In the material below, find the line with "24Colors носки женские" and the line with "Round Rubber Feed Pan 4QT", then output both and every line between them exactly, omitting pictures.

GIVEN ENTRIES:
╭──

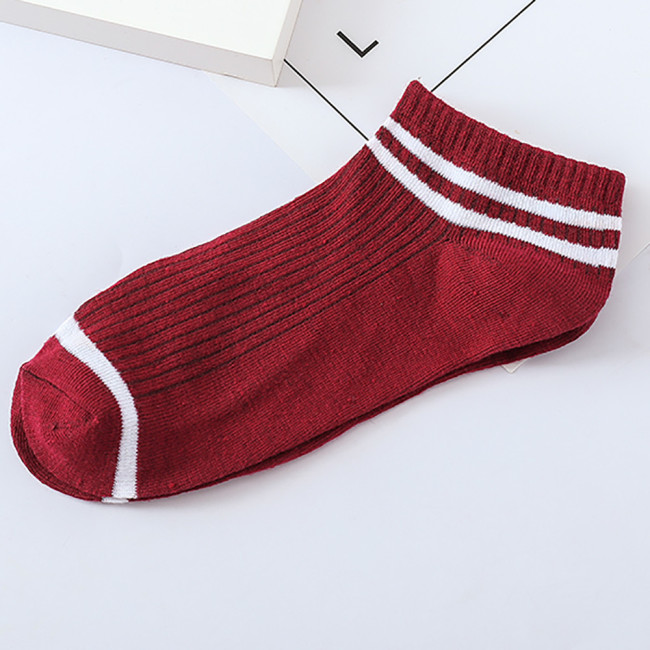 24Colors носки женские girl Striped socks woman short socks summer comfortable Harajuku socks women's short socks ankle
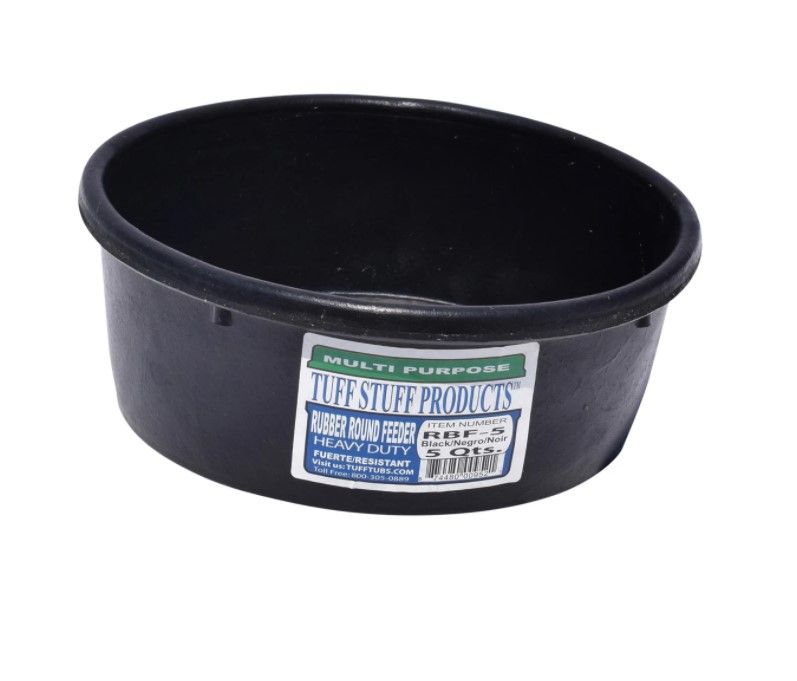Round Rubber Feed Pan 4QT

╰──
╭──

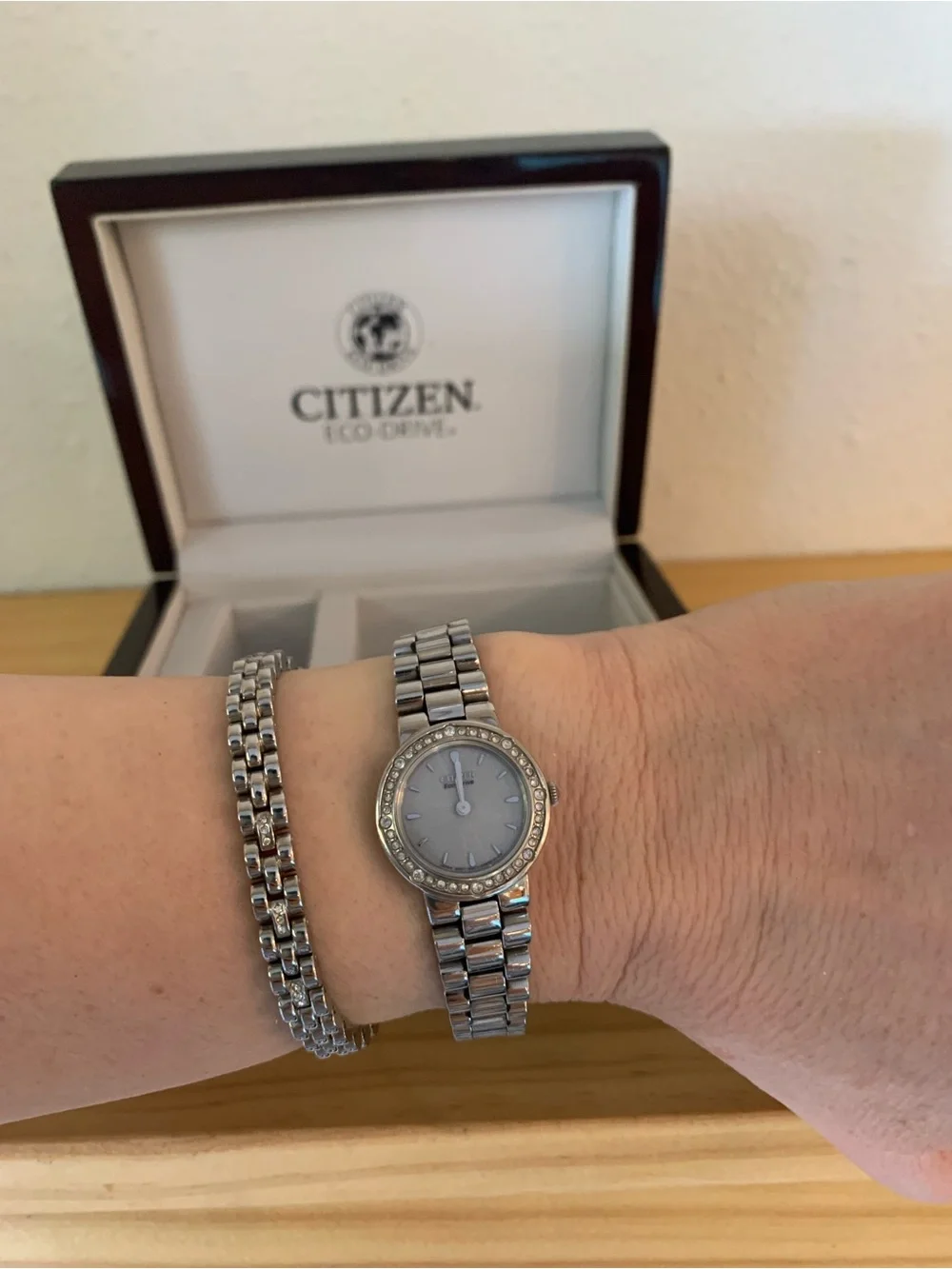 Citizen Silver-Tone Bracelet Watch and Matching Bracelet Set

╰──

TASK RESULT:
 24Colors носки женские girl Striped socks woman short socks summer comfortable Harajuku socks women's short socks ankle
Round Rubber Feed Pan 4QT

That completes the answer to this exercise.